Six10 Art pop-up exhibition through an insider’s perspective.

Kenji Nakama

Untitled (Tiffany Turquoise), 2023

bond paper collage, acrylic paint

20 x 20 x 2 in

About the Exhibition

Hosted at Six10 Art, this pop-up exhibition continues The Mission Projects’ long-standing commitment to promoting art of the Americas, with a special focus on Latin American contemporary art. The exhibition features established and mid-career artists whose work has shaped and continues to influence the contemporary art landscape across the Western Hemisphere.

Set within Houston’s Museum District, this collaboration creates a temporary but intentional space for collectors, curators, and the public to engage with significant works in an intimate gallery setting.

Event Nights

Select evenings at Six10 Art will offer an elevated viewing experience designed to engage the senses and deepen connection to the work on view.

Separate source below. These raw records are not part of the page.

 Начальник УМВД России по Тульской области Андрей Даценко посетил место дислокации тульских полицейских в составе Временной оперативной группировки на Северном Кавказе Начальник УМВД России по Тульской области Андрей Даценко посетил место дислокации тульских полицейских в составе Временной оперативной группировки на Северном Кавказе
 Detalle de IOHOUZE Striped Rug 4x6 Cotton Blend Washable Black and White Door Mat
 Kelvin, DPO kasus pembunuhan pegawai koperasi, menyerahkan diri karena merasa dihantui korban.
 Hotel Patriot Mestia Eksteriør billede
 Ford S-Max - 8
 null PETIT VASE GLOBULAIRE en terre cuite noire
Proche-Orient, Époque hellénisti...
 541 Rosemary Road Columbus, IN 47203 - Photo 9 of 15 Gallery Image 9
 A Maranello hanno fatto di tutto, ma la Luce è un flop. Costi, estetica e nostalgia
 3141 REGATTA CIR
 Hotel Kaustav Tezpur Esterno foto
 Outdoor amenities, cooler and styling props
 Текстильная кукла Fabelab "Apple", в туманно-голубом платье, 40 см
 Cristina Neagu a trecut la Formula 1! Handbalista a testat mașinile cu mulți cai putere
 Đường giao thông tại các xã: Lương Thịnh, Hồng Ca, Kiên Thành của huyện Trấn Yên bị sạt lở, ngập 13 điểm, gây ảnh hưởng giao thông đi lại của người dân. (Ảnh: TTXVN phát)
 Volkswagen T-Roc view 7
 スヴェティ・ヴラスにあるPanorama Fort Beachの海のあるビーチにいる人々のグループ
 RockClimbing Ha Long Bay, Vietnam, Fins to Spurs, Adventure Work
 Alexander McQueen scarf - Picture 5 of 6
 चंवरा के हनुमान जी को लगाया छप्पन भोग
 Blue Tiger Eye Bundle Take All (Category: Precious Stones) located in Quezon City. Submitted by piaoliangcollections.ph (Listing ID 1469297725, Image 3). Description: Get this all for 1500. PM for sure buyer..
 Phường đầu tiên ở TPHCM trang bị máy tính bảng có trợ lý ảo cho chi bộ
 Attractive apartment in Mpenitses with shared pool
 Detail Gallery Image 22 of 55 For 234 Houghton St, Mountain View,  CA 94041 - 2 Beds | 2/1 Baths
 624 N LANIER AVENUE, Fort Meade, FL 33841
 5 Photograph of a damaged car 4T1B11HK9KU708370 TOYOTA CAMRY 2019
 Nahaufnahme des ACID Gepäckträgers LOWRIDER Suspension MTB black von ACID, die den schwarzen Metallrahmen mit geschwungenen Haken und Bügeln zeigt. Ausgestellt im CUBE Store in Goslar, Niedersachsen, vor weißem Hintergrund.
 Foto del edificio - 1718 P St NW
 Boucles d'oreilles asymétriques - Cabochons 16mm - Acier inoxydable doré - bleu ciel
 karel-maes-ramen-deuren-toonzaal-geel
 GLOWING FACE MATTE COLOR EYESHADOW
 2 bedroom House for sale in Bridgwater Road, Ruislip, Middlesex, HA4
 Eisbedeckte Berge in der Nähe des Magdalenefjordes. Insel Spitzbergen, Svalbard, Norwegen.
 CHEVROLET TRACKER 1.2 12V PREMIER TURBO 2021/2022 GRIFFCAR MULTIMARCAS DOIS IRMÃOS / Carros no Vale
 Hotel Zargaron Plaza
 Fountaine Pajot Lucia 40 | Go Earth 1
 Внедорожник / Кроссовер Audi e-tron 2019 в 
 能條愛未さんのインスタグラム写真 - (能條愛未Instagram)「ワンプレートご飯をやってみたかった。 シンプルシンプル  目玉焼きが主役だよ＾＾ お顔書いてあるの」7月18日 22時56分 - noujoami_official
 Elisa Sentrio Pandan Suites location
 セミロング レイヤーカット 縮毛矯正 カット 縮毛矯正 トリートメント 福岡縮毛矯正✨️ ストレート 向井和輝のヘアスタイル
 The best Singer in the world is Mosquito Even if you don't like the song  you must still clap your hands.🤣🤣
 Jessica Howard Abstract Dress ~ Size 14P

Guests are invited to enjoy complimentary beverages for those 21+, and guided walkthroughs led by curators and art experts who provide insight into the artists, materials, and concepts shaping the exhibition.

These intimate event nights transform the gallery into a fully immersive environment where sound, space, and conversation unfold alongside the artwork. Each evening is thoughtfully paced, allowing guests to experience the exhibition beyond the visual and engage with the work in a refined, social setting.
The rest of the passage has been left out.